Le projet d’Émilie : Je me vois pas
Aujourd’hui, Nicolas et Émilie développent leur projet Chanson chacun de leur côté. Pour Émilie c’est La Reine des aveugles qu’elle présente en trio aujourd’hui encouragée par Philippe Pagès, fidèle d’entre les fidèles à ses côtés. Dans quelques jours, le 29 janvier, dans le cadre de Détours de Chant, elle fêtera la sortie de l’album au Chapeau Rouge. Et la voilà qui sublime un coup dur de la vie : d’une demi-cécité, elle crée son personnage, ce personnage qu’elle enrichit peu à peu d’une réflexion nourrie de philosophie, de mythologie grecque. La voilà reine qui chante. Elle cherche encore son costume, de plus en plus épuré. N’allez surtout pas imaginer que l’on baigne dans la tragédie et la noirceur. Point s’en faut ! Émilie a le talent de la dérision, de la satire, de la chute (libre s’entend !) dans ce qu’elle nous dessine de la vie pas toujours rose. La pirouette des derniers mots nous dispense de trop nous émouvoir. Et même si l’on sent émerger ici et là des questions existentielles qui font mouche car on s’aime, plus sûrement « on sème sur cette terre des bouts de soi, mais ça ne repousse pas ! », la Reine des aveugles nous ramène toujours à la scène, au jeu (notre chronique en juin 2014). Et nous voici à échanger sur son personnage qu’elle ne veut surtout pas entraîner du côté d’un féminisme étriqué, ou pire, agressif ! Tous ceux qui lui font ce reproche se trompent.

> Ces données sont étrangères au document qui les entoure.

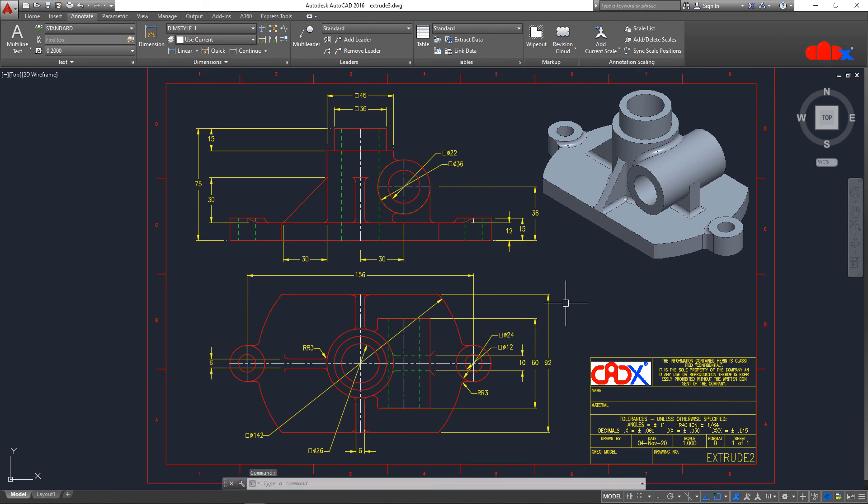This was from CREO to AutoCAD conversion with 1 is to 1 scale and I hope this video will be helpful. You can like this video if you find this video helpful and I will see you in my next video. Thank you.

Que ce soit dit !
Nous parlons de Baroque, de cette capacité à laisser libre cours à l’imaginaire, de la poétesse aveugle Angèle Vannier, auteur d’Otages de la nuit disparue en 1980, que j’ai eu la chance de rencontrer et qui m’a laissé le souvenir de sa lumière intérieure. Elle parle de son livre de chevet du moment, de l’auteur chinois, Bi Feiyu, consacré aux aveugles… Et nous finissons en nous remémorant ce concert inoubliable de la comédienne Norah Krief, chantant les sonnets de Shakespeare. C’est à ce concert-là que j’ai pensé en voyant Émilie dans son corset et dans son jeu de rockeuse et c’est précisément ce qu’elle veut faire.
Rencontre vraiment.
Alors, Émilie, pourquoi tu chantes ?
C’est parce que c’est là son espace de liberté et de plaisir, celui d’un enfant malicieux en complicité avec le public. Elle rappelle l’apport irremplaçable des concerts à domicile, ceux de Chantons sous les Toits dont on a parlé récemment. C’est ce plaisir-là qu’il faut parvenir à transposer sur un plateau : un instant de bonheur à partager avec le public. Sans frontières.